Exam-style practice questions

Practice questions written in the style of SEAB exam questions on this dot point, with worked answer explainers. The year tag is the paper they imitate, not the source.

Original4 marksAir is breathed into the lungs. (a) Name the gas the body takes from the air in the lungs. (b) Name the waste gas the body gets rid of in the lungs. (c) Name the tiny air sacs in the lungs where gases are exchanged. (d) State why the body needs oxygen.
Show worked answer →

(a) The body takes oxygen from the air.

(b) The body gets rid of carbon dioxide.

(c) The tiny air sacs are the air sacs (alveoli) in the lungs.

(d) The body needs oxygen to release energy from food (this energy is used for movement, warmth and keeping the body working).

What markers reward: oxygen taken in, carbon dioxide given out, the air sacs (alveoli) as the place of exchange, and oxygen being needed to release energy from food.
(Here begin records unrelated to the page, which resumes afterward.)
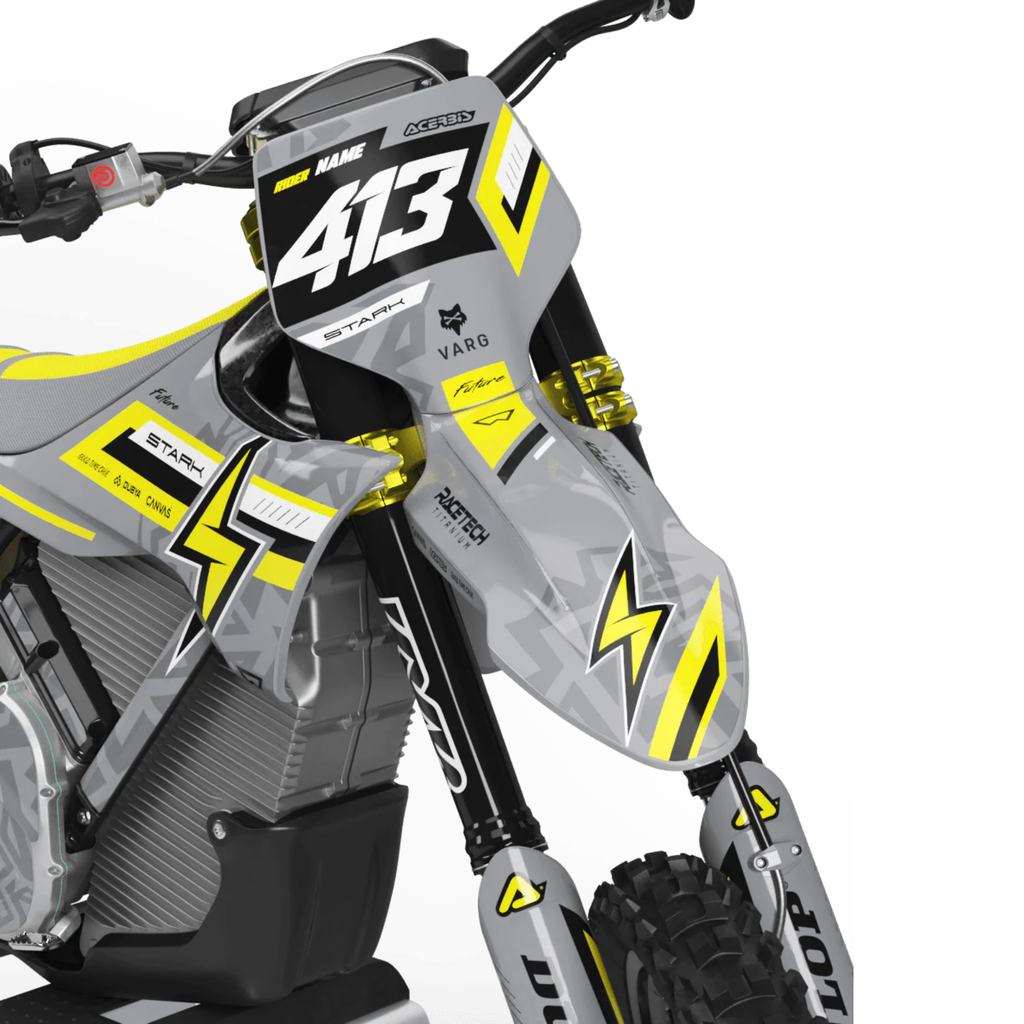 Kit déco Motocross STARK - FLUX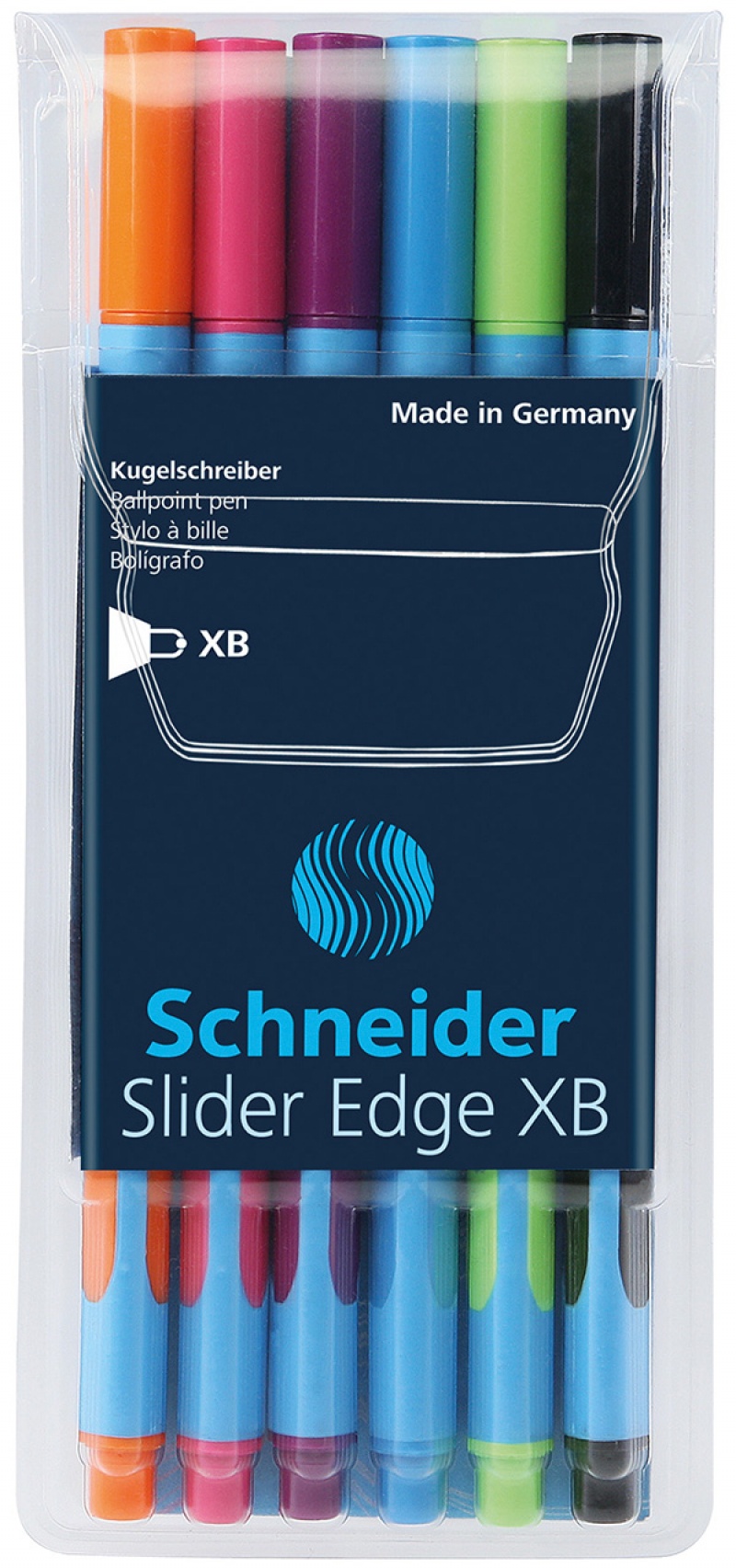 81404-23732-zestaw_dlugopisow_w_etui_schneider_slider_edge-800w Zestaw długopisów w etui SCHNEIDER Slider Edge, XB, 6 szt., miks kolorów - obrazek 1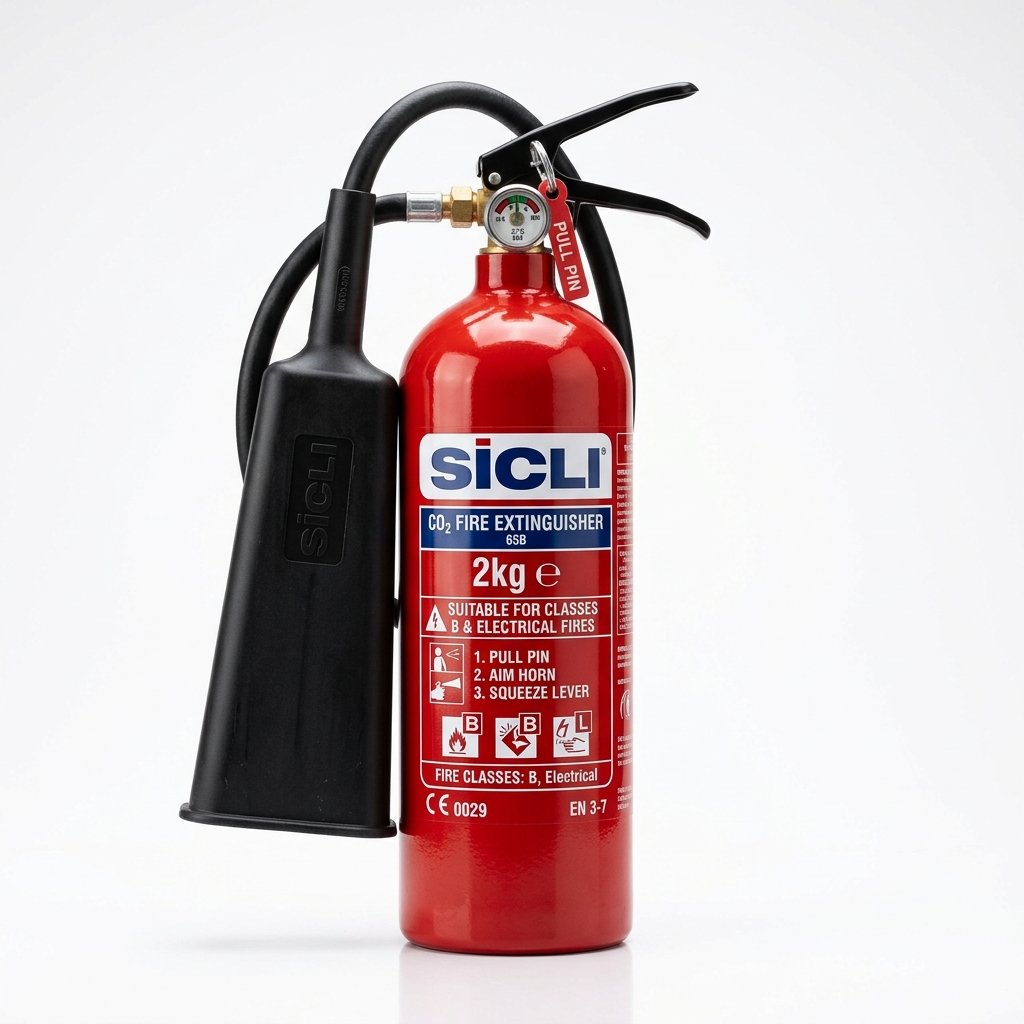 Extincteur CO2 2kg Sicli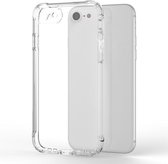 Transparant acryl + TPU Airbag schokbestendig hoesje voor iPhone SE 2020 & 8 & 7 (transparant)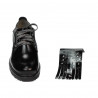 Damen Freizeitschuhe 6025 Lack Schwarz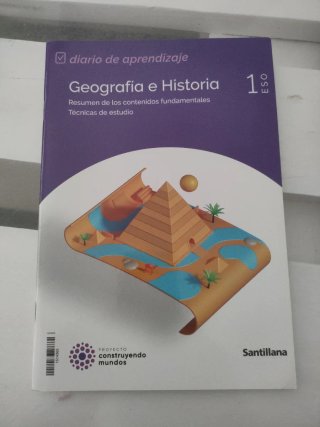 Geografía e Historia 1 ESO : Proyecto construye...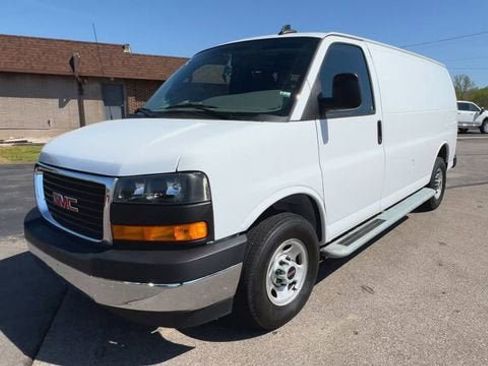 Certified 2024 GMC Savana 2500 w/ Driver Convenience Package RWD image 4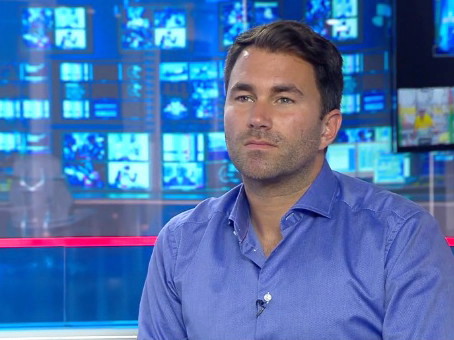 Once again, Hearn looking for Joshua's next foe: Molina, Jennings, Miller, Price in the mix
Original3 marksWhen you breathe in, air travels down to the lungs. (a) Name the main tube that carries air from the throat toward the lungs. (b) Describe what happens to make air go into the lungs when you breathe in. (c) State one difference between the air you breathe in and the air you breathe out.
Show worked answer →

(a) The main tube is the windpipe (trachea).

(b) When you breathe in, the chest muscles and the muscle below the lungs (the diaphragm) move so the chest gets bigger. This makes more space in the lungs, so air is drawn in through the nose or mouth and down to the lungs.

(c) Any correct difference, for example: breathed-in air has more oxygen and less carbon dioxide, while breathed-out air has less oxygen and more carbon dioxide (and is warmer and more moist).

What markers reward: naming the windpipe (trachea), describing the chest getting bigger to draw air in, and one correct difference (more carbon dioxide or less oxygen in breathed-out air).